MILLER HARNESS CO. V. UNITED STATES, 241 F.2D 781, REFERRED TO IN OUR DECISION OF APRIL 4, 1961, INVOLVED FACTS AND CIRCUMSTANCES QUITE SIMILAR TO THOSE FOUND IN THE INSTANT MATTER. THE COURT REJECTED THE PURCHASER'S CLAIM ARISING FROM THE ABSENCE OF CERTAIN STRAPS AND IRONS ALTHOUGH A REPRESENTATIVE OF THE GOVERNMENT HAD STATED TO THE BIDDER THAT SUCH STRAPS AND IRONS WERE INCLUDED.

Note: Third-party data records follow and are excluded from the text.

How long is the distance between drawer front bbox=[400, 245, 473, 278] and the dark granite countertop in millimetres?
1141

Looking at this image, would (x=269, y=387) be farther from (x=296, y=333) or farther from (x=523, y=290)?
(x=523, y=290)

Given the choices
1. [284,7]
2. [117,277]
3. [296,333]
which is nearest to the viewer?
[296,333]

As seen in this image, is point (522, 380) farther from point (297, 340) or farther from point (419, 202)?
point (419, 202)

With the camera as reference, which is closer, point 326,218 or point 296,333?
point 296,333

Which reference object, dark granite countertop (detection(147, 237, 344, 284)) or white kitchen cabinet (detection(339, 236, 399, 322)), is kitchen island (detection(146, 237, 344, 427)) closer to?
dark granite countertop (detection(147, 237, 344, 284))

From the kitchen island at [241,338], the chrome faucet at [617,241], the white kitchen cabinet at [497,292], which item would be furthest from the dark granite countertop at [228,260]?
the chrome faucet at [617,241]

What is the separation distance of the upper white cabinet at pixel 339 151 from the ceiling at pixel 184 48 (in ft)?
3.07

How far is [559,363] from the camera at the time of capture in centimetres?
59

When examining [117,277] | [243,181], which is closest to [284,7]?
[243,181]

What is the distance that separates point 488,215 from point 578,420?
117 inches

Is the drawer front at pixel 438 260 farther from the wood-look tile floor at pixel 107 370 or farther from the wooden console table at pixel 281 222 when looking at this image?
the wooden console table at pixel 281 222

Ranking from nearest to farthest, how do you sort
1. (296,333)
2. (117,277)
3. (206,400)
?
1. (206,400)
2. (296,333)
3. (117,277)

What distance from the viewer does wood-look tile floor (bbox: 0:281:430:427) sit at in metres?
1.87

WITH RESPECT TO THE APPLICABILITY OF PARAGRAPH 8 OF THE GENERAL SALE TERMS AND CONDITIONS ENTITLED "ADJUSTMENT FOR VARIATION IN QUANTITY OR WEIGHT," QUOTED IN OUR DECISION OF APRIL 4, 1961, THE FILE INDICATES THAT YOU RECEIVED THE NUMBER OF ROCKER ARM ASSEMBLIES STATED IN EACH OF THE FOUR ITEMS AWARDED TO YOU, THE ONLY QUESTION BEING AS TO THE KIND, QUALITY OR CHARACTER OF THE ASSEMBLIES DELIVERED.

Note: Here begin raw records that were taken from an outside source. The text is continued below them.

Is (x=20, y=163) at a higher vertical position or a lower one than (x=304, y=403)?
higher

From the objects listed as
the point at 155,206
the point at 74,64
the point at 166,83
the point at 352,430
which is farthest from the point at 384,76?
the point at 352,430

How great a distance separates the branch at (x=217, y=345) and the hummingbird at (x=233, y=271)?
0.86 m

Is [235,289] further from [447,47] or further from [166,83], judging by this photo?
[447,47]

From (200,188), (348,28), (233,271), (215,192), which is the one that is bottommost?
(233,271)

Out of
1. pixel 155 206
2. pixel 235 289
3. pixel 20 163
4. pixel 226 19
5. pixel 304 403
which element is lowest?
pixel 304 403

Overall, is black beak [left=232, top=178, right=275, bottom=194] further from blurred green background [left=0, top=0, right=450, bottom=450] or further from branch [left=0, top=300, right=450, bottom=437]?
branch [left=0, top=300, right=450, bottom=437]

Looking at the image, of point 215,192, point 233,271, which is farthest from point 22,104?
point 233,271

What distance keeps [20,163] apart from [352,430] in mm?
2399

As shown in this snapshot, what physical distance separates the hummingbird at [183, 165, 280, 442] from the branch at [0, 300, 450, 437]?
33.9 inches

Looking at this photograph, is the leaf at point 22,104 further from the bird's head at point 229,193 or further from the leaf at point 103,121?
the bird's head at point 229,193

THERE ARE MANY COURT CASES INVOLVING CLAIMS BASED ON INFERIOR QUALITY OR KIND OF MATERIAL DELIVERED UNDER CONTRACTS CONTAINING PROVISIONS SIMILAR TO THOSE INCLUDED IN YOUR CONTRACT WITH THE GOVERNMENT. IN SUCH CASES, ALSO, THE COURTS HAVE HELD UNIFORMLY THAT PURCHASERS HAVE NO RIGHT TO EXPECT, HAVE NOTICE NOT TO EXPECT AND CONTRACT NOT TO EXPECT ANY WARRANTIES WHATEVER. SEE AMERICAN ELASTICS INC. V. UNITED STATES, 84 F.SUPP. 198, AFFIRMED 187 F.2D 109, CERTIORARI DENIED, 342 U.S. 829; SNYDER CORP. V. UNITED STATES, 68 CT.CL. 667; SAMUEL AND SONS V. UNITED STATES, 61 CT.CL. 373; PAXTON MITCHELL COMPANY V. UNITED STATES, 172 F.SUPP. 463.

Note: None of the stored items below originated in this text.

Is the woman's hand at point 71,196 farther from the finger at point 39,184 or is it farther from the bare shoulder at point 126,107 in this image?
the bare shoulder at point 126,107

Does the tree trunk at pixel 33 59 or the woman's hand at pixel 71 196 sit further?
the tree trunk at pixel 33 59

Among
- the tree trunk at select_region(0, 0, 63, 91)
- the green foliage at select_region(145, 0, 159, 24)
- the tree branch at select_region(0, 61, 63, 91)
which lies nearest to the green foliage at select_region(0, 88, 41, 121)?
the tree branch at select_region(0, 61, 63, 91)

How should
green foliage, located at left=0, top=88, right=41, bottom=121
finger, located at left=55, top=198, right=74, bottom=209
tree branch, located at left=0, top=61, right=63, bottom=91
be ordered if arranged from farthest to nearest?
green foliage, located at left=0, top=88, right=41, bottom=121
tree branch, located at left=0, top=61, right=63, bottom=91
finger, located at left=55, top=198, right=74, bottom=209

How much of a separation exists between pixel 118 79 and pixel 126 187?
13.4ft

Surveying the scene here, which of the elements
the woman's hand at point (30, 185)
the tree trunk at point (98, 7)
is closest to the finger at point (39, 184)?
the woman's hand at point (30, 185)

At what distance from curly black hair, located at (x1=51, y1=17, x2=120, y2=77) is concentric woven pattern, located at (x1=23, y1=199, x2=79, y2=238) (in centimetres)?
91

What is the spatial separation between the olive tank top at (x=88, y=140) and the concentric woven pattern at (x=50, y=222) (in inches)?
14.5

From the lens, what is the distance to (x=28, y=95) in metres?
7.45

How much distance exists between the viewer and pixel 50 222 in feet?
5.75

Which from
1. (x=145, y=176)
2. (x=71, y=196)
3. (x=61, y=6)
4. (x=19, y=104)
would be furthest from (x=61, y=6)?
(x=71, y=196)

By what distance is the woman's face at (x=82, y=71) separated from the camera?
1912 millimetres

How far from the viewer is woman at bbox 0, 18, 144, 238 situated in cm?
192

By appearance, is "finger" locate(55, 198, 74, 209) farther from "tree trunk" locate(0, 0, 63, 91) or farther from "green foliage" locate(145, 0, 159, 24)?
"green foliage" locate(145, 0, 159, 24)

PARAGRAPH 2 OF THE GENERAL SALE TERMS AND CONDITIONS, ALSO QUOTED IN OUR DECISION, DEFINITELY NEGATIVES SUCH DEFECTS AS THE BASIS OF CLAIMS. THE EFFECT OF THAT PROVISION IS TO PLACE ON THE PURCHASER THE ENTIRE RISK OF DEFECTS, EVEN IN THE ABSENCE OF ANY SPECIFIC NOTICE OF DEFECTS IN THE PROPERTY. OTHERWISE, THAT PROVISION OF THE INVITATION WOULD BE MEANINGLESS AND THE GOVERNMENT WOULD BE SUBJECTED TO A FLOOD OF COMPLAINTS AND CLAIMS ARISING FROM SALES OF SURPLUS PROPERTY. IN THAT CONNECTION, YOUR SPECIAL ATTENTION IS INVITED TO THE RECENT USE OF DADOURIAN EXPORT CORPORATION V. UNITED STATES, DECIDED BY THE U.S. COURT OF APPEALS FOR THE SECOND CIRCUIT ON JUNE 5, 1961, WHEREIN THE COURT STATED:
"* * * WHEN THE GOVERNMENT SELLS SURPLUS GOODS IT IS TRYING TO DISPOSE OF A VAST MISCELLANY OF USED AND UNUSED PROPERTY IN AN EFFORT, SO FAR AS MAY UNDER THE CIRCUMSTANCES BE POSSIBLE, TO MINIMIZE ITS LOSS. SALES OF THIS CHARACTER ARE PROCESSED ON A MASS QUANTITY BASIS BY MEMBERS OF THE ARMED FORCES WHO SELDOM IF EVER HAVE ANY EXPERTISE IN THE PARTICULAR ITEMS WHICH COME TO THEIR WAREHOUSES AND DEPOTS. BUYERS OF SUCH SURPLUS PROPERTY KNOW PERFECTLY WELL THAT THERE IS ALWAYS THE CHANCE OF BUYING PROPERTY THAT MAY TURN OUT TO BE OF LITTLE VALUE, OR MAY DEVELOP INTO A GREAT BARGAIN WITH A HUGE WINDFALL OF PROFIT. ACCORDINGLY, THE GOVERNMENT VERY PROPERLY HAS PROTECTED ITSELF BY FORMULATING ITS CONTRACT FOR THE SALE OF SUCH SURPLUS PROPERTY SO AS TO SHIFT THE RISK FROM ITSELF TO THE BUYER. AS PROFESSOR CORBIN TELLS US, A PARTY TO A CONTRACT MAY AGREE TO ASSUME CERTAIN RISKS THAT IN THE ABSENCE OF AGREEMENT THE LAW WOULD NOT CAST UPON HIM. SEE 3 CORBIN CONTRACTS (1960), SECTION 598. SEE ALSO UNITED STATES V. HATHAWAY, 9 CIR., 1957, 242 F.2D 897. * * *"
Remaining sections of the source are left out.